The blue dots indicate where I plan on using the Acrow Props. The blue cross is where I plan on putting an Acrow prop once I have removed that section of the wall (if I can physically put the prop there as I may not be able to get a level base for it). 
My questions are:
1) Are the positions I suggested for the props correct or overkill? 
2) How do I use the props (I know they extend and lock in place but I mean should I be putting a solid piece of timber under them to disperse the weight? Should they be secured to the beams I am supporting somehow?)
3) Do you have any other advice for me?

----------


## Haveago1

When you say its a structural wall, is that because it is supporting the beams under which you are placing the acrow props or is there load on the masonary wall between where the props are intended to go?  
If there is a load on the wall between the props, how is that to be supported as I cannot see you have provided for that.....the only load being supported by the props is that currently being carried by the two beams, nothing else.

----------


## kombiman

Hey Deltoid, 
It looks like the block pillar on the left is holding that bearer and the wall is following it along the wall. 
Dependant on how the joins on the bearers coming in from the foreground in the photos I would put one prop just to the side of the block pillar, knock it out and work along and put one on the other side. Then keep  knocking out until the next one coming in from foreground and repeat.  4 props.  Leaves room to put the stump in as how you have it the props are where the stumps are. 
Out of interest how much for the two stumps? 
kombiman  :2thumbsup:  
check out the pics to know what I mean  http://www.renovateforum.com/showthread.php?t=73559

----------


## Bloss

I am a little confused. Why wouldn't you simply place new posts (steel or timber) with suitable bracket at the top and flange at the bottom, fix it to the beams with at east two M10 through bolts at the top and into the concrete using say 4 x 10 x 100mm ankascrews for each post into the slab? Hard to tell from a single picture and you should not simply take my suggestion without a professional onsite inspection, but it seem unnecessary to do a two stage process when one should do it. Once the two new posts are in place (I wouldn't call them stumps!) then you can remove the wall. 
Another concern I have would be that bearer/beam/ joist that is sitting on top of the wall and how well and in what way it is attached to the ends of the beams you are putting new supports under. You would want to make sure that it cannot drop or move out as you start demolishing the wall - and it could fail catastrophically with dangerous results at worst and costly ones at best (or might be well fixed and not an issue - can't tell from the photo). 
And am I missing something or do the joist meet at a mitre with no support under the joints? If that is so it is bizarre construction. But I have had a long day so maybe I am having an old-timer's moment!

----------


## deltoid

Well I've discussed it with my finacee and we decided to just let the restumpers remove the wall. They are charging $220 to do it so after taking into account the cost of hiring the jacks I'd only be saving around $180 doing it myself however if I screw it up and damage the house I'm not insured. 
kombiman, it is costing me $440 per stump and $220 to knock out the wall.
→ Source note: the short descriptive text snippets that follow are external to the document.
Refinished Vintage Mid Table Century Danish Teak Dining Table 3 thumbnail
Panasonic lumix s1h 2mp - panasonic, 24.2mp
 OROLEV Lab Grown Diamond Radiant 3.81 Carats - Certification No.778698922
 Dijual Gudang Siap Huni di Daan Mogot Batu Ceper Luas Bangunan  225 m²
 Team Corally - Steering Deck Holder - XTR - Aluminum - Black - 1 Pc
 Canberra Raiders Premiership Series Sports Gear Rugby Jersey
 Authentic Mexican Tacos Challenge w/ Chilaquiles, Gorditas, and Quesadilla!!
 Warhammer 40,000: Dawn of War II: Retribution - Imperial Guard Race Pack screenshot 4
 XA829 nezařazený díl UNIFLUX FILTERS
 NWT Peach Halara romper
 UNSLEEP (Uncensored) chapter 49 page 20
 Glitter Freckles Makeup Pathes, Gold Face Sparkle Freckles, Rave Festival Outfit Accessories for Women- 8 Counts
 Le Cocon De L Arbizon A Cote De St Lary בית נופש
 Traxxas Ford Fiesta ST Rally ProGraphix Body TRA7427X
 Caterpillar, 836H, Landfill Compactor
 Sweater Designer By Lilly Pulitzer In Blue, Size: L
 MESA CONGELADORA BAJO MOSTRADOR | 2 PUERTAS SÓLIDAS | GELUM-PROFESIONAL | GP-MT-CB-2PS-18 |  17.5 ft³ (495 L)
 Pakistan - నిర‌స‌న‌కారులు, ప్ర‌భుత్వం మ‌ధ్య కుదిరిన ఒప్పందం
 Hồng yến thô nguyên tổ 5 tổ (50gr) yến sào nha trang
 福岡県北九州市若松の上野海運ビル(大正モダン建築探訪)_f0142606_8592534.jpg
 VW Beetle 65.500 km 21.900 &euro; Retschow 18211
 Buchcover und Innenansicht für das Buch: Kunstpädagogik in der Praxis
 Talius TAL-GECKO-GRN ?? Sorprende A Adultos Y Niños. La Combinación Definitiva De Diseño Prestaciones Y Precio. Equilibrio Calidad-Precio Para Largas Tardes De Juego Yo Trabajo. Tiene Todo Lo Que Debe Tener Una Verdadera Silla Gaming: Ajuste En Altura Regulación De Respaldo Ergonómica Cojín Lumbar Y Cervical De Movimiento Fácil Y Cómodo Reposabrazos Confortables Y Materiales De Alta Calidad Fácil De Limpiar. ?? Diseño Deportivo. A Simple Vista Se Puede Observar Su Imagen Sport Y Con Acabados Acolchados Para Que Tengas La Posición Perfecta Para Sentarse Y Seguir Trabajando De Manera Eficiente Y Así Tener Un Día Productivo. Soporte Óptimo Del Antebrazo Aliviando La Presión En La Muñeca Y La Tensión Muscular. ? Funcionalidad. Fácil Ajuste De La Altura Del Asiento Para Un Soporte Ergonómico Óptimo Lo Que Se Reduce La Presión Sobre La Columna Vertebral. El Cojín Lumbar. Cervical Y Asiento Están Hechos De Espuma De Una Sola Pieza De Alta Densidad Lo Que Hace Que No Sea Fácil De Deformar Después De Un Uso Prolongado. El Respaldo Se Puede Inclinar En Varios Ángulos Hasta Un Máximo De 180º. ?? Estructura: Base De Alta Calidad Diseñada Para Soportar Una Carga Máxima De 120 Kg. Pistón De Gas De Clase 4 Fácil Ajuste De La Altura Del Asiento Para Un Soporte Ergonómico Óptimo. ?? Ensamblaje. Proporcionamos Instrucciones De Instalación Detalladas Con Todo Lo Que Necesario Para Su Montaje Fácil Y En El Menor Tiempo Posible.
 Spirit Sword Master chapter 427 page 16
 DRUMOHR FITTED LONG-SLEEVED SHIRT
These guys weren't the cheapest to quote me but they were the best when it came to returning phone calls, turning up on time, and keeping me informed. 
 I'm also replacing 2 concrete stumps on the other side of the house that have blown out and replacing 2 wooden stumps with steel posts under the house (currently have half of the plasterboard off in the inside house so thought it was the best time to fix the stumps to minimise damage to the internals).

----------


## Bloss

yep - sounds like the best is to get others to do it. Good luck with it all.

----------


## kombiman

For $220 I would happily pour them a beer after they did it.  :Biggrin:

----------